Cloud Backup — IaaS Storage, M365 Backup, DRaaS, GDPR

How cloud backup works in B2B — vendors, architecture, compliance

Object storage · SaaS backup · DRaaS · data residency · GDPR · encryption

On this page

» What cloud backup delivers
» Three categories
» IaaS object storage
» SaaS backup (M365, Google)
» DRaaS
» GDPR & data residency
» Vendor overview
» Cost structure
» FAQ & consulting

What cloud backup delivers in B2B

The third item of the 3-2-1 rule requires an off-site backup copy. 15 years ago this meant tape in a vault or at the bank. Today it is often a cloud repository — faster, simpler, no logistics. Cloud backup does not replace the local backups from part 3: restoring from the cloud costs bandwidth, time and often egress fees. The right approach is a hybrid concept: local for fast and cheap daily/weekly, cloud for the off-site copy and disaster recovery (more in part 5).

Three categories of cloud backup

When someone says “cloud backup”, it can mean three very different things:

1. IaaS object storageBackup software runs on-premise, writes backups to cloud object storage (S3, Azure Blob, Wasabi, IONOS, OVH). Control over software, encryption, keys. 2. SaaS backupThird party backs up a SaaS application (M365, Google Workspace, Salesforce). No own hardware needed — Microsoft and Google secure the platform, not the content. 3. DRaaSDisaster Recovery as a Service: in addition to backup, a prepared failover environment runs in the cloud. In an incident, server operations resume within minutes.

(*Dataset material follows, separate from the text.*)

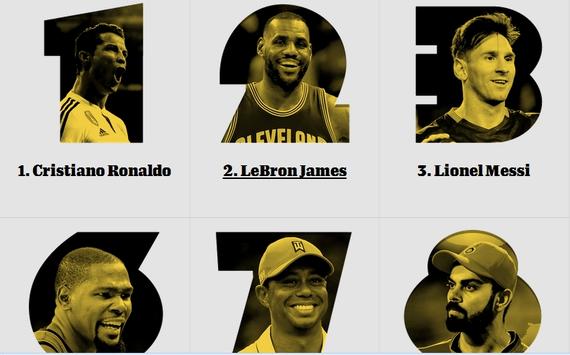 百大著名运动员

IaaS object storage as a backup target

FULL CONTROL IMMUTABILITY POSSIBLE MIND EGRESS COSTS

Established backup suites (Veeam, Acronis, Veritas, Bareos) support S3-compatible object storage as a secondary or tertiary repository. Concretely: the primary backup runs locally on NAS, a “Backup Copy Job” then pushes a copy to the cloud. That cloud copy can be wrapped in S3 Object Lock (WORM mode) — making it undeletable for the configured retention period, even by administrators with compromised credentials. This is the most effective defence against ransomware.

Cost driver: storage itself is cheap (Wasabi/IONOS from ~5 €/TB/month), but egress fees on restore can be substantial (AWS S3: ~0.09 €/GB after the first 100 GB). Wasabi and Backblaze B2 are far more customer-friendly here (no egress or flat-rate). Always run a concrete restore simulation before vendor selection.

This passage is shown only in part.